Rocket Park celebrates the release of a new CD, as do Linda Gaal and the Six Senses

Sep 15, 1999 at 4:00 am
It's a dangerous thing, having the keyboard player stand front-and-center onstage while performing. That physical barrier between player and audience often provides enough fleeting confidence to nudge him or her way over the top when doing the dance/rock-star thing. Often the results of such unbridled enthusiasm prove unwatchable. Alas, such is the case with Rocket Park, and the sight tends to blind the audience to the merits of the band, which, surprisingly, are plenty on their debut CD, the release of which they're celebrating at the Way Out Club on Friday, Sept. 17. The CD, called Teenage Folklore and showcasing the band's love of pure pop, punk, glam- and prog-rock and the combination thereof, along with the confidence to get fancy with them, is pretty impressive for a debut release. Guitars, drum loops, percussion, keyboards, drums, bass, pretty harmonies, etc., merge smoothly, and over the course of the album, the band repeatedly pulls out engaging ideas. Kudos, again, to Mike Martin at the Broom Factory for an excellent recording job; Teenage Folklore sounds incredible.

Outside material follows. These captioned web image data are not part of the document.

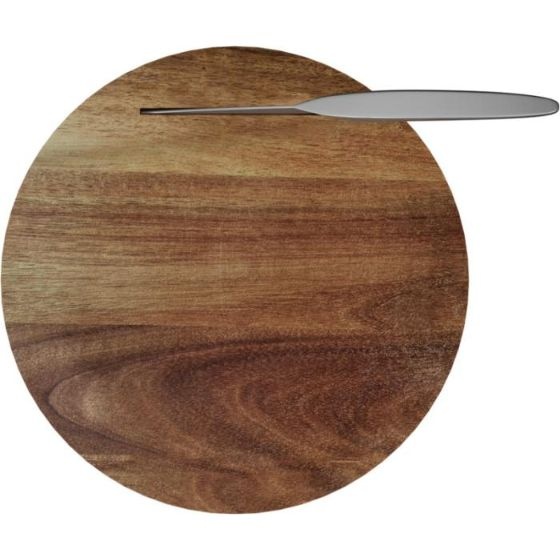 Logo trade promotional merchandise photo of: Wooden cutting board and knife set, natural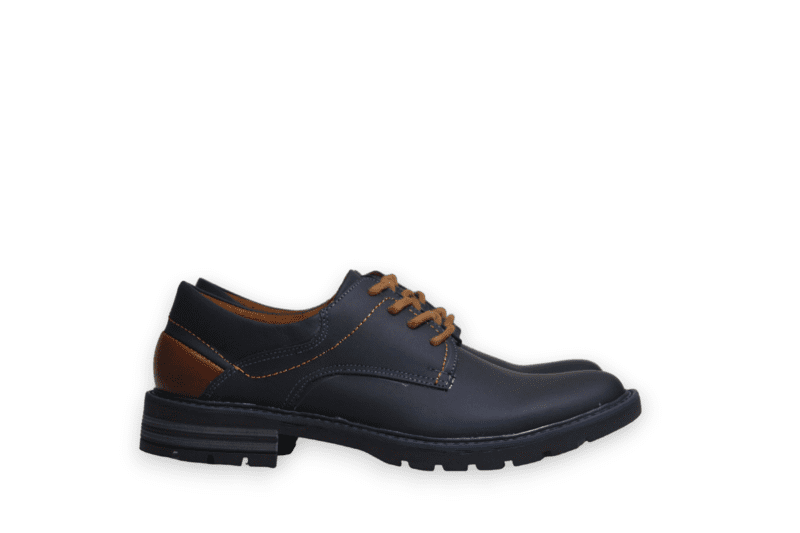 Zapato Cordón Pianelo Azul con Talón Café
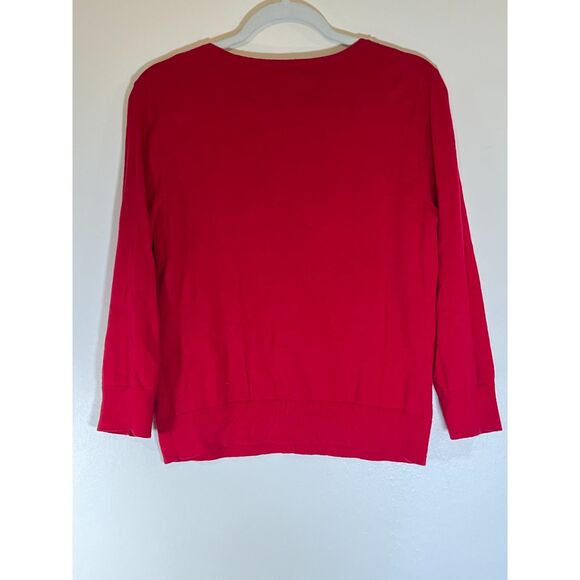 Women's Beautiful Red Jeweled Spense Button Down‎ Cardigan Size Medium - Picture 3 of 4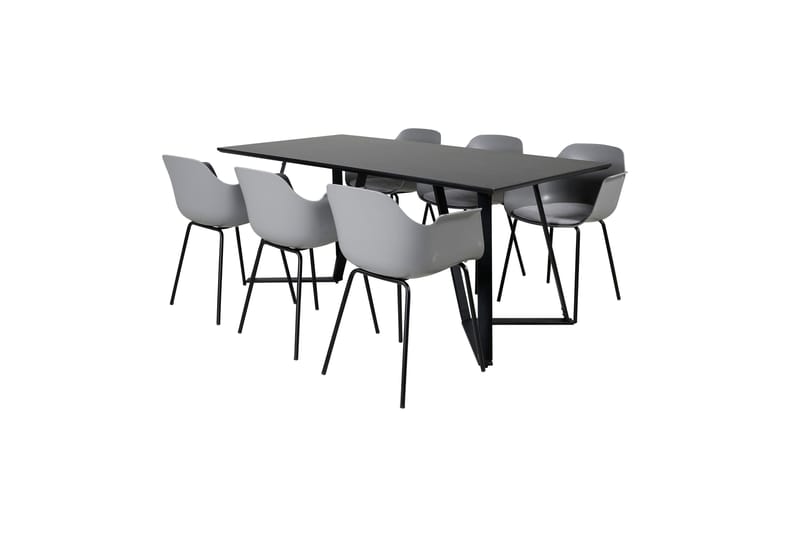 Marina spisegruppe 180 cm rektangulær med 6 Comfort stoler - Svart - Møbler - Bord - Spisegrupper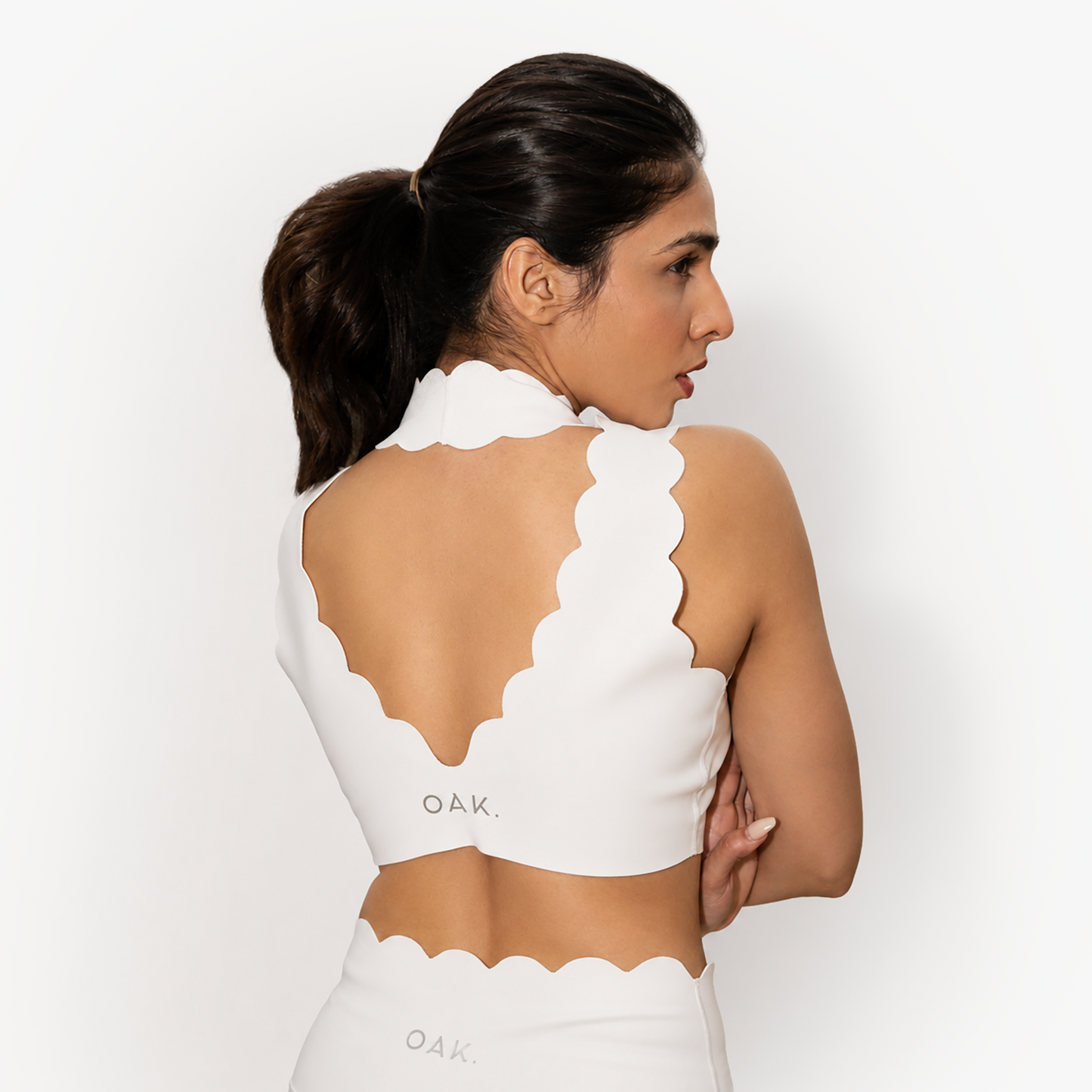 The Scallop High Neck Top in Whispy Cloud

If you're looking for middle-of-the-road pop, packaged to sell with a solid sound and that crispy, overcondensed production, you could do worse than Linda Gaal and the Six Senses' debut release, So ... You Think You Know Me ... You may recognize Gaal from her stints with the cover bands the UltraViolets and SQuiNT (who, as a cover band, leap decades and genres in a single bound, covering Bob Marley's "One Love," Poison's "Talk Dirty to Me," Alanis Morissette's (gak!) "Hand in My Pocket" and Ricky Martin's "Livin' La Vida Loca"). Gaal's got some hefty vocal cords that can take on the hits with precision and, er, blind dignity, and she transfers this ability into her own songs. Of course, if you despise the current fare being played on the radio, you'll no doubt find their debut equally uninhabitable, for this hits smack-dab in the middle of the road. The band celebrates the release of the album at the Hi-Pointe on Friday, Sept. 17.